== Extracted material ==
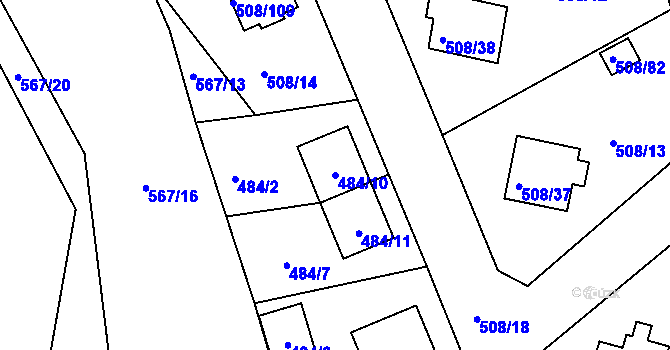 Parcela st. 484/10 v KÚ Štěnovice, Katastrální mapa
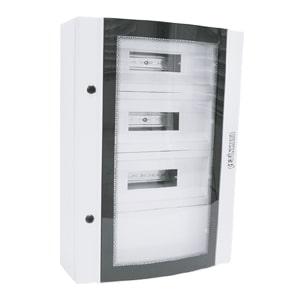 Корпус щита распределительного 400х500х150мм DIN-рейки 30M(2х15) с глухой панелью навесной прозр. дверца из гнутого стекла метал. сер. Cetinkaya Pano CPD4005015SUPP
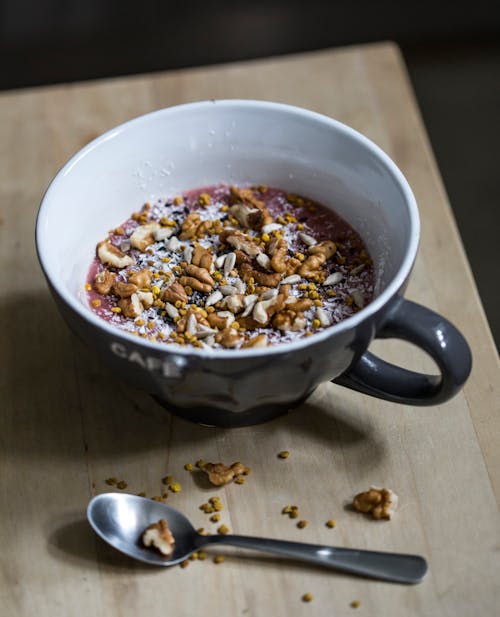 Smoothie Bowl with Nuts and Seeds on Top 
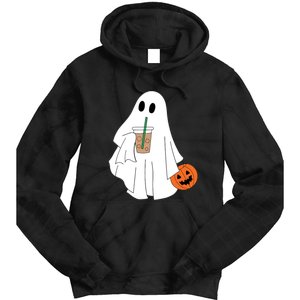 Cute Little Ghost Drinking Coffee Halloween Spooky Season Tie Dye Hoodie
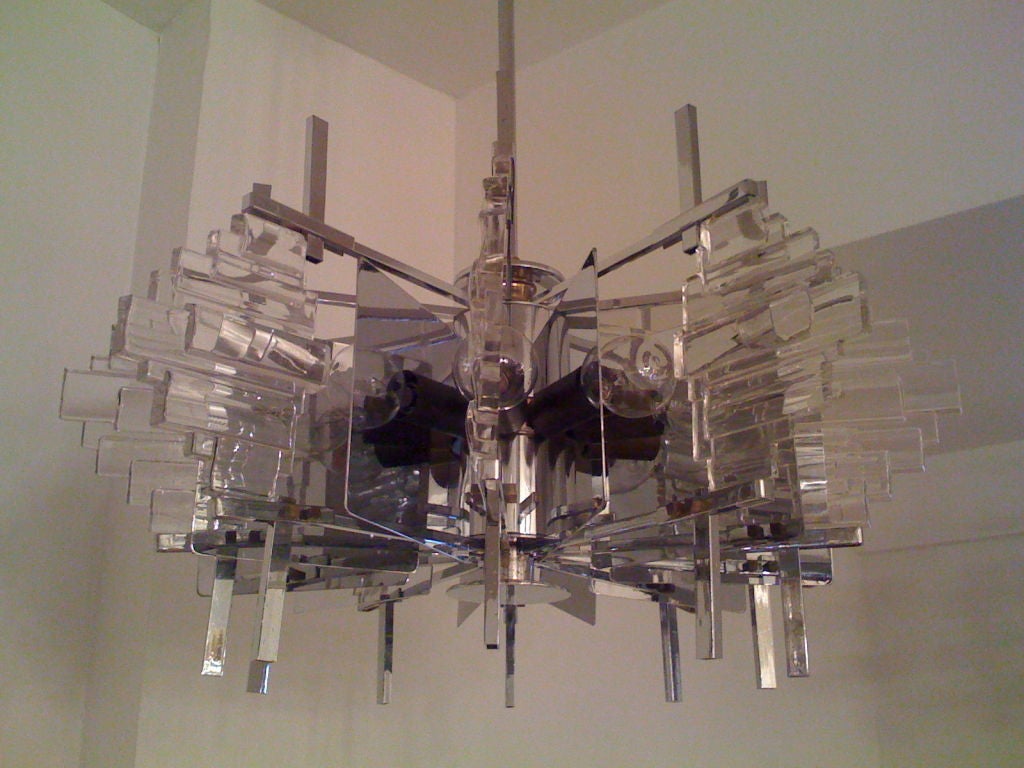 Rare Italian Sciolari 1960s Chandelier For Sale 2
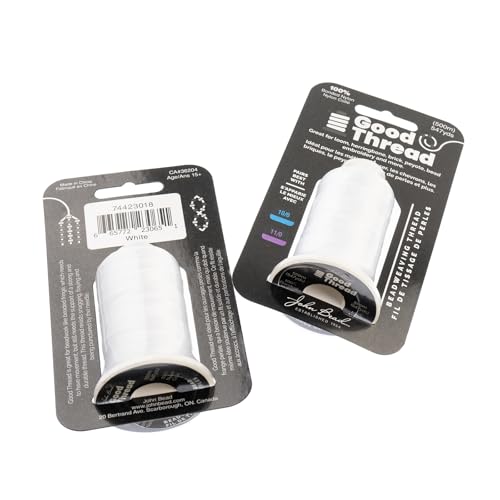 John Bead Good Thread 500m Spool White Bonded Nylon Thread | Beading Thread for Jewelry Making | Durable Nylon Thread for Craft Projects | Bead Weaving Thread | Bead Making Thread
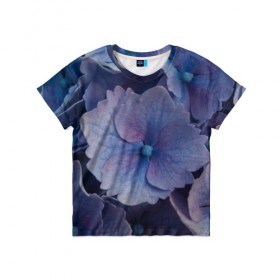 Детская футболка 3D с принтом Синие цветочки в Петрозаводске, 100% гипоаллергенный полиэфир | прямой крой, круглый вырез горловины, длина до линии бедер, чуть спущенное плечо, ткань немного тянется | синий | сиреневый | цветок | цветы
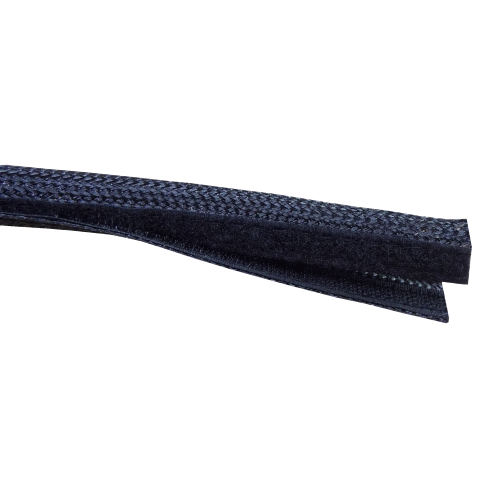CMW Ltd | 13mm Black Retrofit Braided Sleeving with with Hook and Loop LSOH (25m Reel)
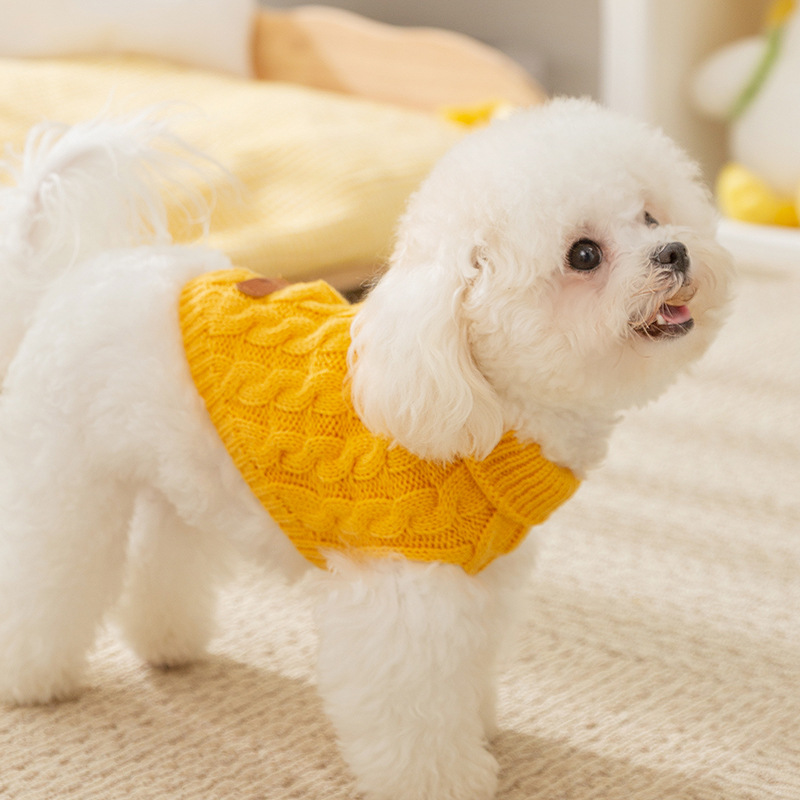 Dog Clothes Autumn And Winter Simple Twisted Knitted Sweater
===
Which part of the entries opens with the line containing "Rare Italian Sciolari" and closes with the line containing "CMW Ltd | 13mm"? Output that part exactly, ends included, pictures excluded.

▶ _Written answer_:
 Rare Italian Sciolari 1960s Chandelier For Sale 2
 John Bead Good Thread 500m Spool White Bonded Nylon Thread | Beading Thread for Jewelry Making | Durable Nylon Thread for Craft Projects | Bead Weaving Thread | Bead Making Thread
 Детская футболка 3D с принтом Синие цветочки в Петрозаводске, 100% гипоаллергенный полиэфир | прямой крой, круглый вырез горловины, длина до линии бедер, чуть спущенное плечо, ткань немного тянется | синий | сиреневый | цветок | цветы
CMW Ltd | 13mm Black Retrofit Braided Sleeving with with Hook and Loop LSOH (25m Reel)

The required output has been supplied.